## Your task:
Scan the material for "disease". Copy every line it appears in.

++++++++

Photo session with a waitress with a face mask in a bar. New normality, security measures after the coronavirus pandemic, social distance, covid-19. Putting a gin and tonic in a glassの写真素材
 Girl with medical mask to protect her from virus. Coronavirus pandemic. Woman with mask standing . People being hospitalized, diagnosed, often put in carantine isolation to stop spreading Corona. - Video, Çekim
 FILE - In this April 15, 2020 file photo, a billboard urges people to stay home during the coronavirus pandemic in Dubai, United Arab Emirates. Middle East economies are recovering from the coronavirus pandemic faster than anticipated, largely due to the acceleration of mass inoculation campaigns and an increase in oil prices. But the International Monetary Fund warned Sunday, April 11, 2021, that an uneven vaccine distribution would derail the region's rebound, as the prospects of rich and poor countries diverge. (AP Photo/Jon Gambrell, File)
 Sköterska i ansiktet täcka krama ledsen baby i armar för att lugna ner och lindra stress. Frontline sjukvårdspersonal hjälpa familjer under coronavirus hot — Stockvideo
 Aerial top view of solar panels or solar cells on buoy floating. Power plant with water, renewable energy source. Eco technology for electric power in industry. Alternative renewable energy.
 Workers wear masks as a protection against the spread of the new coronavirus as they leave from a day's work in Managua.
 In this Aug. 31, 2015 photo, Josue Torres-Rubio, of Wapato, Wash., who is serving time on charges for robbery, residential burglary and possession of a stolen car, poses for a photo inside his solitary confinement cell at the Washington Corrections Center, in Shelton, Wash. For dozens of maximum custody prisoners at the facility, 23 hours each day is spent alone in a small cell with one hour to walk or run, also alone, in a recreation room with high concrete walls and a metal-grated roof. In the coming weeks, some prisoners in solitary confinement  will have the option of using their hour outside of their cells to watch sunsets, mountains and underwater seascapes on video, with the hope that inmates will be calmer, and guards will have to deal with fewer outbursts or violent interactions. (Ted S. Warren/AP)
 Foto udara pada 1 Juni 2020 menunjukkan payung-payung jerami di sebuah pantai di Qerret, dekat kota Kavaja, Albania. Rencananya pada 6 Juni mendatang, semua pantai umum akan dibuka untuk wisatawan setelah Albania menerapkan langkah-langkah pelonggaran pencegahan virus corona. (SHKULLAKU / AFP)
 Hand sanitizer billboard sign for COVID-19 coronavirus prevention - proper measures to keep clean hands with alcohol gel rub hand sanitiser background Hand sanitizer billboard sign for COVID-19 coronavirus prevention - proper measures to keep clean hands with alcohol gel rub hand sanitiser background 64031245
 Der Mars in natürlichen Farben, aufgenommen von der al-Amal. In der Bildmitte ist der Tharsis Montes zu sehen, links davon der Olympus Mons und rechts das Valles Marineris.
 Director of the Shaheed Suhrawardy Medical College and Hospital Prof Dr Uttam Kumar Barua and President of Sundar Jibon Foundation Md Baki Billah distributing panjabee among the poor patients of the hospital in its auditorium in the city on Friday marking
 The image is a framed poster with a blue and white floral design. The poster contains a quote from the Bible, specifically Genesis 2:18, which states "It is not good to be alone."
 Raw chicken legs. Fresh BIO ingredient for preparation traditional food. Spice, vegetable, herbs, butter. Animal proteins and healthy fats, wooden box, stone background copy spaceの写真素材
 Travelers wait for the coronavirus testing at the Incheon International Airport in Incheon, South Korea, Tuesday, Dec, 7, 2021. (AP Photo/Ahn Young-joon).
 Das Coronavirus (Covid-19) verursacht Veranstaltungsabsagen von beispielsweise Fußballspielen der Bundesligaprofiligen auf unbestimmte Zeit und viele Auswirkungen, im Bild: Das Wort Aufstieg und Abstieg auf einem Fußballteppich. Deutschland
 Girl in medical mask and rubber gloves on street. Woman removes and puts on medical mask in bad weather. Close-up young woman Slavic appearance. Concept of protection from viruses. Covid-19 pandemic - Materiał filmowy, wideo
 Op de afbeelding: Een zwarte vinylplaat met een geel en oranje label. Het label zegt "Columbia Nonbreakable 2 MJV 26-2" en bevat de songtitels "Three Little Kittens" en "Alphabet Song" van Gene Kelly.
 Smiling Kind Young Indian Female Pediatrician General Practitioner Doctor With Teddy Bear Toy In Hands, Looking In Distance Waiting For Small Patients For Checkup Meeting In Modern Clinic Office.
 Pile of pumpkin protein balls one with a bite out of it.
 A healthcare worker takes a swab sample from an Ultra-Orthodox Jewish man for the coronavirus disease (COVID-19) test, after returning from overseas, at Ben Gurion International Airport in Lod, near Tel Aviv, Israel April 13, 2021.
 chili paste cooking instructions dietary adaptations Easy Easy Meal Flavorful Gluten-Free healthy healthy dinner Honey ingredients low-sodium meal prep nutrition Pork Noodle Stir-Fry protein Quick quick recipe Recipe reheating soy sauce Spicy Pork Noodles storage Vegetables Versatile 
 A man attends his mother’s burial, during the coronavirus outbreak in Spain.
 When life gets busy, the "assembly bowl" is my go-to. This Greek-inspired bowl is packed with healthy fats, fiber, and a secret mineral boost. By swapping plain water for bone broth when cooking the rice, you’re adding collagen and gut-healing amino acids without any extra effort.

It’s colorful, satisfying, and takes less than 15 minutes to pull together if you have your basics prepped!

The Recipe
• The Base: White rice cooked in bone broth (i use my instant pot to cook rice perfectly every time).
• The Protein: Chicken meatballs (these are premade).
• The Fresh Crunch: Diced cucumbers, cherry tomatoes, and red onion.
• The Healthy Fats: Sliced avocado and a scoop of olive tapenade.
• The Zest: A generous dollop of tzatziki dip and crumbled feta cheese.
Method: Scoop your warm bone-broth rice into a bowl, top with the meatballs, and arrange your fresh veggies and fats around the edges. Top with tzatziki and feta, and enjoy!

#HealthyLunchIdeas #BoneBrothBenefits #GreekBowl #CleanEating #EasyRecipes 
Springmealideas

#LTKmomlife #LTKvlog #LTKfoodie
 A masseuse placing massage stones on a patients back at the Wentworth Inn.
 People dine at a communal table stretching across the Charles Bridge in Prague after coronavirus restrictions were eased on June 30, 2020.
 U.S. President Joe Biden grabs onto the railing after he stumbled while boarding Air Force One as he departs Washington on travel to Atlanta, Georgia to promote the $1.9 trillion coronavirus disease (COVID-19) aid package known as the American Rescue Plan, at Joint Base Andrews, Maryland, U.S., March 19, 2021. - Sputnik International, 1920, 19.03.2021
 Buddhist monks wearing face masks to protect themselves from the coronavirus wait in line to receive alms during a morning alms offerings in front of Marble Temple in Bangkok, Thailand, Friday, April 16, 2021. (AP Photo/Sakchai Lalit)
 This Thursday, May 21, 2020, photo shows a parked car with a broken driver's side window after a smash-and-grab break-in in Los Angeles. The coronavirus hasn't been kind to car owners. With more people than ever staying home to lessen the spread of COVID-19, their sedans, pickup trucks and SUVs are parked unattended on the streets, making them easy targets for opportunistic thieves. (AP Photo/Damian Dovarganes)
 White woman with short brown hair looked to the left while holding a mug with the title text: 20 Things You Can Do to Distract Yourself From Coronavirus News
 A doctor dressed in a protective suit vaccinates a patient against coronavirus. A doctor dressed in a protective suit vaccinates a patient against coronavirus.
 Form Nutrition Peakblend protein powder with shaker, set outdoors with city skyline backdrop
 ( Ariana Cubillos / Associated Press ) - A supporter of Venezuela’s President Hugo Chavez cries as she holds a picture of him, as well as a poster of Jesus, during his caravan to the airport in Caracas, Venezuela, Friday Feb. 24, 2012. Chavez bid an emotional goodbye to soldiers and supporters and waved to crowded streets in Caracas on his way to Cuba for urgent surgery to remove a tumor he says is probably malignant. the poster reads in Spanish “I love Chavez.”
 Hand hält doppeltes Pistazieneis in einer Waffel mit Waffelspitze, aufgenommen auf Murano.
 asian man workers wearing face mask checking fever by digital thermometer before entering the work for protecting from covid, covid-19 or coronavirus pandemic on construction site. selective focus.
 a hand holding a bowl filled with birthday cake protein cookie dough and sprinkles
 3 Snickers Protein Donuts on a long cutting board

++++++++

## Exercise answer:
 A healthcare worker takes a swab sample from an Ultra-Orthodox Jewish man for the coronavirus disease (COVID-19) test, after returning from overseas, at Ben Gurion International Airport in Lod, near Tel Aviv, Israel April 13, 2021.
 U.S. President Joe Biden grabs onto the railing after he stumbled while boarding Air Force One as he departs Washington on travel to Atlanta, Georgia to promote the $1.9 trillion coronavirus disease (COVID-19) aid package known as the American Rescue Plan, at Joint Base Andrews, Maryland, U.S., March 19, 2021. - Sputnik International, 1920, 19.03.2021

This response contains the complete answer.